Was wondering if anyone else caught this or any other videos on his diet lately? Funny part at about 1 minute in the beginning of the video he mentions how he doesn't really like eating food either lol.


----------



## #TheMatrix (Jul 30, 2014)

...deep breaths.


----------



## transcend2007 (Jul 30, 2014)

Does he ever say what compounds he's on?  Those abs with that much junk food and icecream......tren & gh.....

Clearly a ton a muscle and high metabolism as well.

I can't eat that much cheat food in a month....it blows.....


----------



## Azog (Jul 30, 2014)

I tracked my cals on an all out cheat day once...36k. Problem for me was, I gained 22lbs of water. Juan is a big boy, those cals do him more good than my skinny ass.


----------



## Azog (Jul 31, 2014)

Azog said:


> I tracked my cals on an all out cheat day once...36k. Problem for me was, I gained 22lbs of water. Juan is a big boy, those cals do him more good than my skinny ass.



And no, I'm not kidding about 36k cals. Ribeyes, bacon, cheese, beer and other really fatty things add up fast!
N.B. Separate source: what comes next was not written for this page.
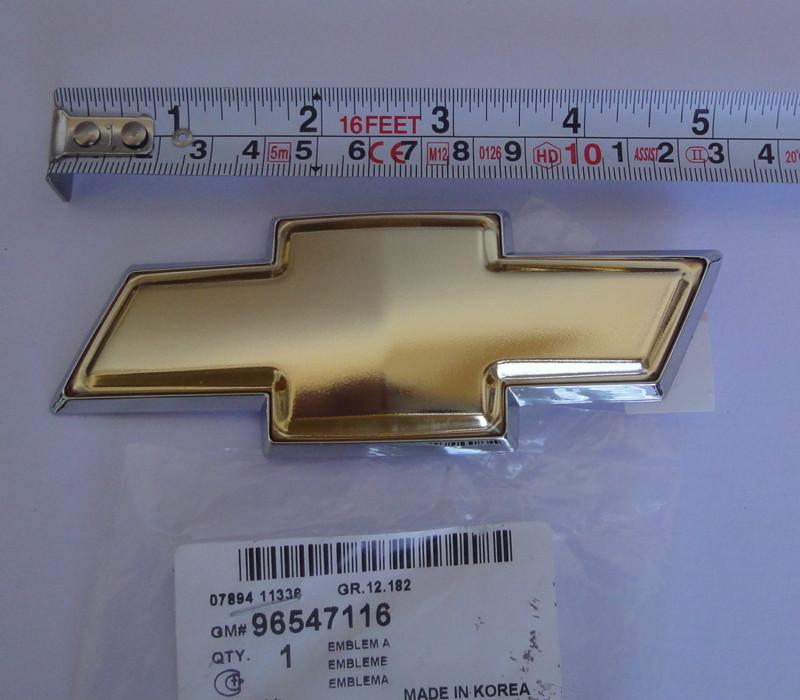 Chevrolet chevy aveo cross rear tailgate badge emblem genuine new 96547116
Not eating much carbs let's me really choke down mad amounts of ribeye and all sorts of ribs.


----------



## losieloos (Jul 31, 2014)

I can eat the most here.


----------



## Azog (Jul 31, 2014)

losieloos said:


> I can eat the most here.



Challenge accepted.


----------



## I bench 135x5 (Jul 31, 2014)

As you guys can see from my AVI, I eat all that for breakfast..


----------



## PillarofBalance (Jul 31, 2014)

watchign while I destroy a quart of chocolate chip peanut butter ice cream and some poptarts.


----------



## goodfella (Jul 31, 2014)

PillarofBalance said:


> watchign while I destroy a quart of chocolate chip peanut butter ice cream and some poptarts.



Hahaha I know, I could resist either while watching this!


----------



## goodfella (Jul 31, 2014)

Azog said:


> Challenge accepted.



I like where this is going!!!


----------



## DieYoungStrong (Jul 31, 2014)

Oh shit I def want in on a UG eating challenge.


----------



## moparmuscle (Jul 31, 2014)

I got hungry watching that


----------